» Data provided

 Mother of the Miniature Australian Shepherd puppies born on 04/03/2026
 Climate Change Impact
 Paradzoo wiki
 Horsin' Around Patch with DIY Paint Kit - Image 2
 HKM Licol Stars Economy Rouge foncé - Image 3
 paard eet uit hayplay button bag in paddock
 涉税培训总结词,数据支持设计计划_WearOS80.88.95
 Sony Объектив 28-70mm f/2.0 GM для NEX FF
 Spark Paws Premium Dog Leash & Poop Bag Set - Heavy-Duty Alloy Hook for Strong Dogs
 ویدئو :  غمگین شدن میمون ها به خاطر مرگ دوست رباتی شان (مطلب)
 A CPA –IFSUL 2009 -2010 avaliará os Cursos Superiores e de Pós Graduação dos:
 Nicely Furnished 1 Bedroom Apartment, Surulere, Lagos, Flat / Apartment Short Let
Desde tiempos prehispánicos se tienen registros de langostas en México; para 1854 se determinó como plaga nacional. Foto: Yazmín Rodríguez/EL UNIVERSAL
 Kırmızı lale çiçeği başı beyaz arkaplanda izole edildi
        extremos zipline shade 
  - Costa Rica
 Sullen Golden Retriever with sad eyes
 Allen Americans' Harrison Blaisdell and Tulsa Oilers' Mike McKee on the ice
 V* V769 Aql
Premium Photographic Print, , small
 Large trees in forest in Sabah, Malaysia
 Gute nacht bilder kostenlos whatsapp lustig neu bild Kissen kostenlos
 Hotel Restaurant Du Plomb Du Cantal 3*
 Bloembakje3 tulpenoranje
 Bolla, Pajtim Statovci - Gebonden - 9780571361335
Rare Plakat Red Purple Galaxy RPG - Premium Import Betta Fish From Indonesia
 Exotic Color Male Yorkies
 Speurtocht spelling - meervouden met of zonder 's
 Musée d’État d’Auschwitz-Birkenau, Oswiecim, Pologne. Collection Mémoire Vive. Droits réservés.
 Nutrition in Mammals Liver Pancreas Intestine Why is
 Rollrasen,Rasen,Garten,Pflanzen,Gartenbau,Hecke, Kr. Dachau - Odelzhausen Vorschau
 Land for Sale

» What you have to do
Your response should consist solely of the lines from the one that holds "Large trees in forest in Sabah, Malaysia" through the end of the listing above, reproduced exactly.

» Result
 Large trees in forest in Sabah, Malaysia
 Gute nacht bilder kostenlos whatsapp lustig neu bild Kissen kostenlos
 Hotel Restaurant Du Plomb Du Cantal 3*
 Bloembakje3 tulpenoranje
 Bolla, Pajtim Statovci - Gebonden - 9780571361335
Rare Plakat Red Purple Galaxy RPG - Premium Import Betta Fish From Indonesia
 Exotic Color Male Yorkies
 Speurtocht spelling - meervouden met of zonder 's
 Musée d’État d’Auschwitz-Birkenau, Oswiecim, Pologne. Collection Mémoire Vive. Droits réservés.
 Nutrition in Mammals Liver Pancreas Intestine Why is
 Rollrasen,Rasen,Garten,Pflanzen,Gartenbau,Hecke, Kr. Dachau - Odelzhausen Vorschau
 Land for Sale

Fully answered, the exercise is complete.